[lustre-discuss] How to remove an OST completely

Tung-Han Hsieh thhsieh at twcp1.phys.ntu.edu.tw
Thu Mar 4 20:56:54 PST 2021


Dear Angelos,

On Fri, Mar 05, 2021 at 12:15:19PM +0800, Angelos Ching via lustre-discuss wrote:
> Hi TH,
> 
> I think you'll have to set max_create_count=20000 after step 7 unless you
> unmount and remount your MDT.

Yes. You are right.
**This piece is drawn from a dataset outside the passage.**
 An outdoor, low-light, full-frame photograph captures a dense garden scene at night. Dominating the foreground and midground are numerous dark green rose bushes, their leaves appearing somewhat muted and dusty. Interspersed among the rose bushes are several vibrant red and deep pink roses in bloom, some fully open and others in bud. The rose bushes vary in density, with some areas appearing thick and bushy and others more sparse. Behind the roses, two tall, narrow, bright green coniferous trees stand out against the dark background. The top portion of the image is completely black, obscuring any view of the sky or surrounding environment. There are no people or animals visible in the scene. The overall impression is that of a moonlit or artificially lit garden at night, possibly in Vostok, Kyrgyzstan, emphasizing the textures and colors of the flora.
We have to set max_create_count=20000 for the replaced
OST, otherwise it will not accept newly created files.

> And for step 4, I used conf_param instead of set_param during my drill and I
> noticed this might be more resilient if you are using a HA pair for the MDT
> because the MDS might try to activate the inactive OST during failover as
> set_param is only changing run time option?
> 
> Regards,
> Angelos

I am concerning that, sometimes, the replacement of the OST many take a
long time. In between we may encounter some other events that need to
reboot the MDT servers. I am only sure that we can deactivate / reactivate
the OST by conf_param when MDT server is not rebooted. Once MDT server
is rebooted after setting conf_param=0 on the OST, I am not sure whether
it can be recovered back or not.

So probably I missed another step. Between step 6 and 7, we need to
reactivate the old OST before mounting the new OST ?

6. Prepare the new OST for replacement by mkfs.lustre with --replace
   option, and set the index to the old OST index (e.g., 0x8):
   ....

6.5. Reactivate the old OST index:

   lctl set_param osc.chome-OST0008-osc-MDT0000.active=1

7. Mount the new OST (run in the new OST server).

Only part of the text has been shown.